I don't mind a twisty thriller or being led down the wrong path. But this one never really worked for me.
The novel opens with an interesting premise. Marissa arrives at a house to collect her young son, Milo, from a playdate, only to discover that the address she has been given belongs to a complete stranger. There is no playdate, and Milo has been kidnapped. It's the sort of opening that should get you excited but instead, I found myself struggling to engage.
The story is told from two perspectives: Marissa, the mother of the missing child, and Jenny, another school parent whose son was unknowingly used to lure Milo away. I suspect Andrea Mara intended these dual perspectives to build tension and perhaps explore some of the complexities of modern parenting and family life. Sadly, neither of those things really landed for me.
The characters felt disappointingly two-dimensional. We have the cliquey, unpleasant school mums and the career mother weighed down by guilt about balancing work and family. They all felt like familiar television archetypes rather than fully realised people. In fact, much of the novel felt as though it had been written with a television adaptation in mind rather than as a novel in its own right.

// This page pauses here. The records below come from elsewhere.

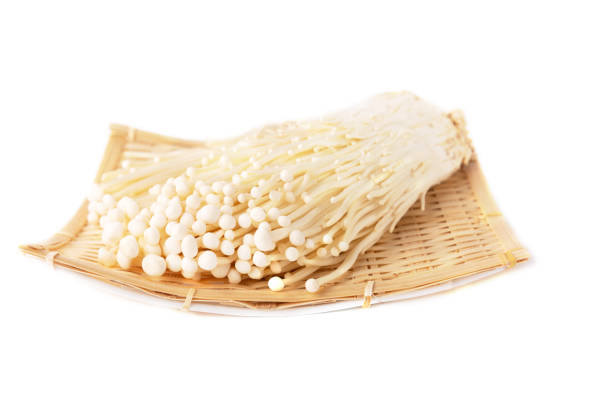 istock Japanese mushrooms on white 1085917488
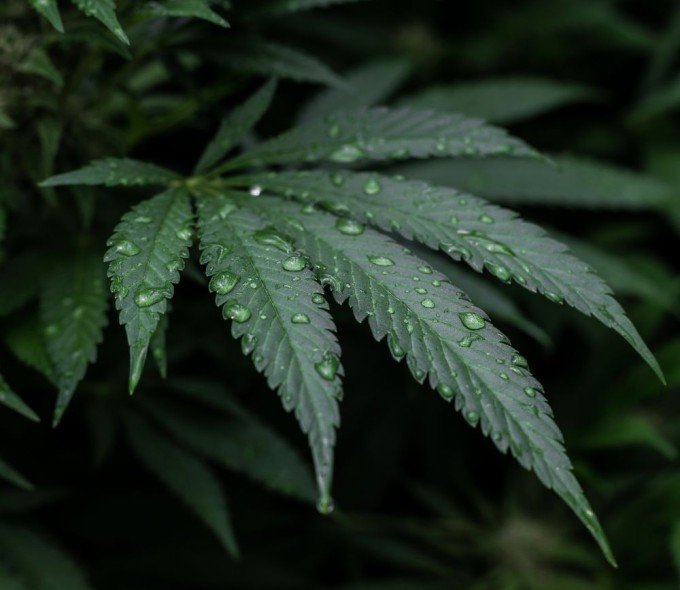 Arrêter le Cannabis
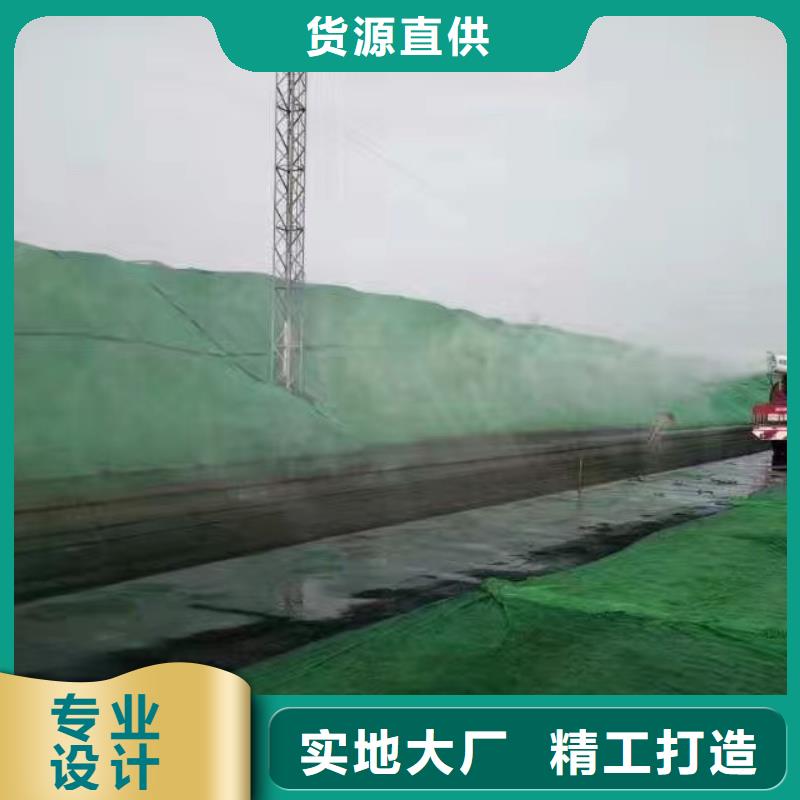 道路生物型降尘剂实力生产厂家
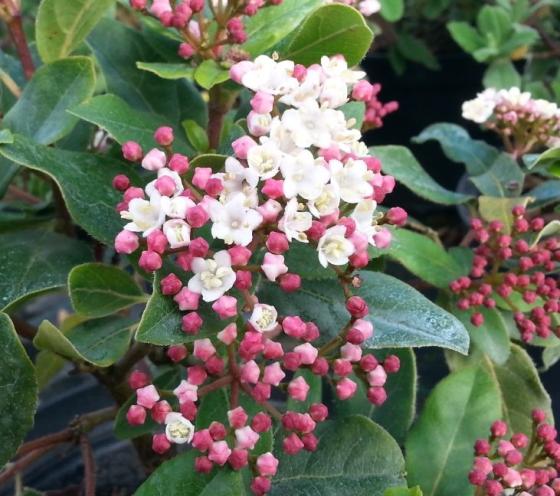 Viburnum tinus 'Eve Price' Viburnum tinus 'Eve Price'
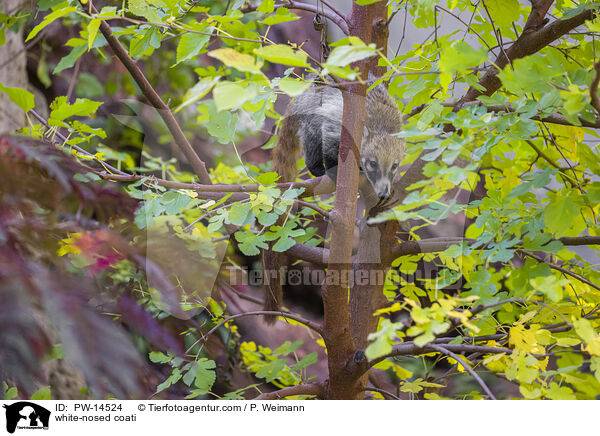 Weirssel-Nasenbr / white-nosed coati / PW-14524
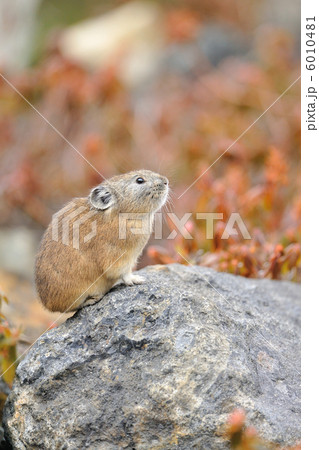 エゾナキウサギ 6010481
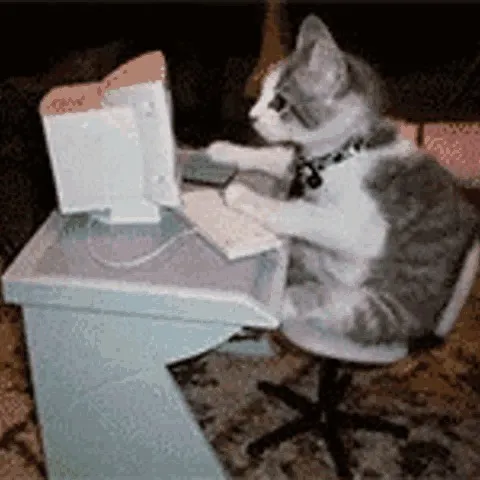theyellingkitty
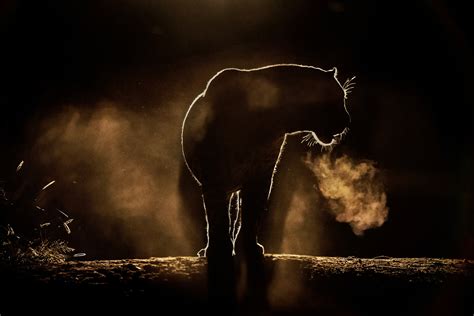 500px ISO » Beautiful Photography, Incredible Stories » wildlife ...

Despite being packed with twists and red herrings, the story somehow managed to feel both obvious and overly dramatic at the same time. By the final few reveals, I felt as though I was being asked to perform increasingly elaborate mental gymnastics just to make everything fit together. I appreciate that thrillers often require a degree of suspended disbelief. But this one asked for far too much of it from me.
All Her Fault is interested in blame: who was responsible for Milo's kidnapping, and how responsibility can be shared and imposed upon others. Had the novel leaned more into those themes and been written as more of a literary exploration of guilt and responsibility, I suspect it might have worked better for me. As a thriller, though, it all felt too surface level to have much emotional impact.
It's probably clear by now that I didn't particularly enjoy this one. The premise is undeniably compelling, but the execution simply didn't deliver for me, and unfortunately it's not a novel I would recommend.